上記加熱ロール1に無端環状のベルト2が巻き掛けられており、該ベルトは複数個のローラ3a〜3dに案内されて周回している。矢印b,c,d,e,fは周回方向を表している。
未仕上げ洗濯物4は矢印hのように搬入され、加熱ロール1とベルト2との間へ供給され(矢印e)、加熱ロールやベルトと一緒に矢印a方向に回ってゆく。
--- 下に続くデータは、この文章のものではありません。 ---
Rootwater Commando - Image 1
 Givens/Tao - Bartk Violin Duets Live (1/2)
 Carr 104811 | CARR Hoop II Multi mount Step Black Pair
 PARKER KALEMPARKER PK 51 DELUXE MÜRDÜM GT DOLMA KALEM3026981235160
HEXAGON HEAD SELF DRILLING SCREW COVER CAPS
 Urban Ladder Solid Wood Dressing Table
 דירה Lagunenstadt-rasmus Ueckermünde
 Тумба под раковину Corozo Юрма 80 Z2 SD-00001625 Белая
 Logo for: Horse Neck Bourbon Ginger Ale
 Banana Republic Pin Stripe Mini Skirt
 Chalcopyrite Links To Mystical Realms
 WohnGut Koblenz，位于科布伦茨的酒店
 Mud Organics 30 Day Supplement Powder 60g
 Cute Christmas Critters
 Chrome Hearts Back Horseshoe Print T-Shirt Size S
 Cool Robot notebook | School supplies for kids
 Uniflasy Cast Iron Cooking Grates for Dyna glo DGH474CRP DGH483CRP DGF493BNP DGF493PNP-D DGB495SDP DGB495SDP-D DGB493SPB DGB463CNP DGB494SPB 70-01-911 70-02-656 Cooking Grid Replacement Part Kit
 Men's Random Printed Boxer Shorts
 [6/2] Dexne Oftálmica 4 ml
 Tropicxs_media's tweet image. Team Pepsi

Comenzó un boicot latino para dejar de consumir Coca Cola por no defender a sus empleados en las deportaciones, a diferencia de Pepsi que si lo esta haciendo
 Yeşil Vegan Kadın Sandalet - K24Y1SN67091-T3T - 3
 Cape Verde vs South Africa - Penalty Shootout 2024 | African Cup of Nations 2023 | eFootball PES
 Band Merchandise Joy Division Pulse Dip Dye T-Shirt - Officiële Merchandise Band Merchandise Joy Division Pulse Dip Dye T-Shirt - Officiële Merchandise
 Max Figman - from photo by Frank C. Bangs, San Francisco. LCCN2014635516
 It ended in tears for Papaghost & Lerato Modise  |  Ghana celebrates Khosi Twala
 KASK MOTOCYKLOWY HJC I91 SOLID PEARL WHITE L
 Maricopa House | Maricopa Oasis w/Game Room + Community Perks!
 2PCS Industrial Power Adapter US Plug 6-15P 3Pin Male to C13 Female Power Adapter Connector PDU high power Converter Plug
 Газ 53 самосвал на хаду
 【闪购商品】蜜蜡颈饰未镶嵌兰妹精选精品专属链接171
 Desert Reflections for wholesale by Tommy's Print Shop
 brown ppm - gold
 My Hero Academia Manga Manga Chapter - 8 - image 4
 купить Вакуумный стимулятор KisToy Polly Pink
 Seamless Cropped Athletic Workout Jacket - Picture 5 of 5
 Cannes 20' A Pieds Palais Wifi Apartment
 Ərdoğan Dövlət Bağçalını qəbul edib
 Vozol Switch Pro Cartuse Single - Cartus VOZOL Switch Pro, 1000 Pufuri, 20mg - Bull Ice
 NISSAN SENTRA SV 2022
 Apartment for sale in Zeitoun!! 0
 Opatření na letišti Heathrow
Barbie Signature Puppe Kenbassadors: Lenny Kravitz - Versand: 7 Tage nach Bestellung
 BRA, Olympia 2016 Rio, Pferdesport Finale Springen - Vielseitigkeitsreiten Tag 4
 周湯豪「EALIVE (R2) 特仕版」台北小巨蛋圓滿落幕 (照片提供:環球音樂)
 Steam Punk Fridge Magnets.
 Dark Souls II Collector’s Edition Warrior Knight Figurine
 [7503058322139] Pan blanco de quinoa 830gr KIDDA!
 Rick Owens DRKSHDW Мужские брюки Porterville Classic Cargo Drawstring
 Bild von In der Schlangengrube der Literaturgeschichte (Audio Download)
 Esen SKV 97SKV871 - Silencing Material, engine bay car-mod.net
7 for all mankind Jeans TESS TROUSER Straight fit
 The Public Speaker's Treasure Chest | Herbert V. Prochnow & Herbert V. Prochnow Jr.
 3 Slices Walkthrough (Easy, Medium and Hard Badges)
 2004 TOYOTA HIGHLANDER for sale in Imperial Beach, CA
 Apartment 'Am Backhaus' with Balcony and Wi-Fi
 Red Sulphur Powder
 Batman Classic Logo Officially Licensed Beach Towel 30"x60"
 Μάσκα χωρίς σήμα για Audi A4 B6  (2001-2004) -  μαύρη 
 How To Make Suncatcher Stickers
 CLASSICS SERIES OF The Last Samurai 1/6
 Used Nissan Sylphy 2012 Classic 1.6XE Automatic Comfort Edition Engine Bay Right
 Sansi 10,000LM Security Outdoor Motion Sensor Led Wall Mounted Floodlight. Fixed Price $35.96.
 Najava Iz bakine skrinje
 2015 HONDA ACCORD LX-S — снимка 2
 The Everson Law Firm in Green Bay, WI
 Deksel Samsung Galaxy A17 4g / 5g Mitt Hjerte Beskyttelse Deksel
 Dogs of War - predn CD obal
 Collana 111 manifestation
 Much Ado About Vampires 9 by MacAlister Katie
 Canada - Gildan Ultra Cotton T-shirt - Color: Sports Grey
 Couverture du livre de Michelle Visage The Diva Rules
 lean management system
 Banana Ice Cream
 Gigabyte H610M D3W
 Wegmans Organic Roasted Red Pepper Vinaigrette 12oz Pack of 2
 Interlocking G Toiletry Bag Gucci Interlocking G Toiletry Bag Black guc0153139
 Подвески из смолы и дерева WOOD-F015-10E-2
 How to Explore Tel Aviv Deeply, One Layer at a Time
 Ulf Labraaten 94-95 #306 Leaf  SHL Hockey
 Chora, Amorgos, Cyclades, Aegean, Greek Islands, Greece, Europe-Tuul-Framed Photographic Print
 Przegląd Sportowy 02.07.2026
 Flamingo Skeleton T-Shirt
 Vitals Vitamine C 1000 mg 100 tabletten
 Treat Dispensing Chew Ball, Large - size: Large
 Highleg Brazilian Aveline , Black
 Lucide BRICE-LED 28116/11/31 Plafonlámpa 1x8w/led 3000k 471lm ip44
符号5を付して示したのは、仕上げ途中の洗濯物である。
従来例のロール仕上機においては、ベルトのテンションについては別段の考慮が為されておらず、0.15キログラム/センチメートル未満に設定されていて、前記のローラ3aは、それ以上の力に耐えることはできなかった。
また、被処理物である洗濯物がロールに巻きつかないようにするため、特許文献2として挙げた特開2005−205065号公報「ロール仕上機における巻付き防止方法、及びエアー式巻付き防止装置」が提案されている。
しかし、ロール仕上げにおける洗濯物の乾燥所要時間を短縮して作業の処理能率を向上させることについては、別段の新規な技術が開発されていない。
ロール仕上機の処理能率を上げようとする場合、仕上済み洗濯物が自然乾燥状態に達していることが条件とされる。
このためロール仕上機においては、被処理物である洗濯物を如何にして速く自然乾燥状態まで乾かすかということが能率向上の決め手になる。
ロール仕上機の形状,重量や設置個数を増加させることなく乾燥所要時間を短縮することができれば、製造コスト増加を抑制して洗濯物の処理能率を向上せしめ得ることが期待される。
ただし本発明を実施する際、ロール仕上機の形状,重量や設置個数は任意に設定することができる。
そこで、通気度とテンションとの相関の下に、ベルトの最適通気度および最適テンションを探求して、実施形態1(請求項1)の発明を創作し、
その後、研究を続けて乾燥の進行状況がベルトの走行速度(加熱ロールの周速)にも関連していることを発見し、この新たな知見に基づいて実施形態2(請求項2)の発明を創作するに至り、
さらに、前記実施形態1と実施形態2とを総合的に検討,解析して上位概念としての請求項3の発明を創作して本願発明を完成した。
この図2の実験におけるベルトの走行速度(加熱ロールの周速)は、従来技術の範囲内(24メートル/分未満)であって、15メートル/分である。
(注)従来例におけるベルト走行速度は一般に10〜15メートル/分である。
この図2の縦軸に表された乾燥所要時間は、横軸の通気度20,000立方センチメートル/平方センチメートル・分と30,000立方センチメートル/平方センチメートル・分との間に極小値が認められる。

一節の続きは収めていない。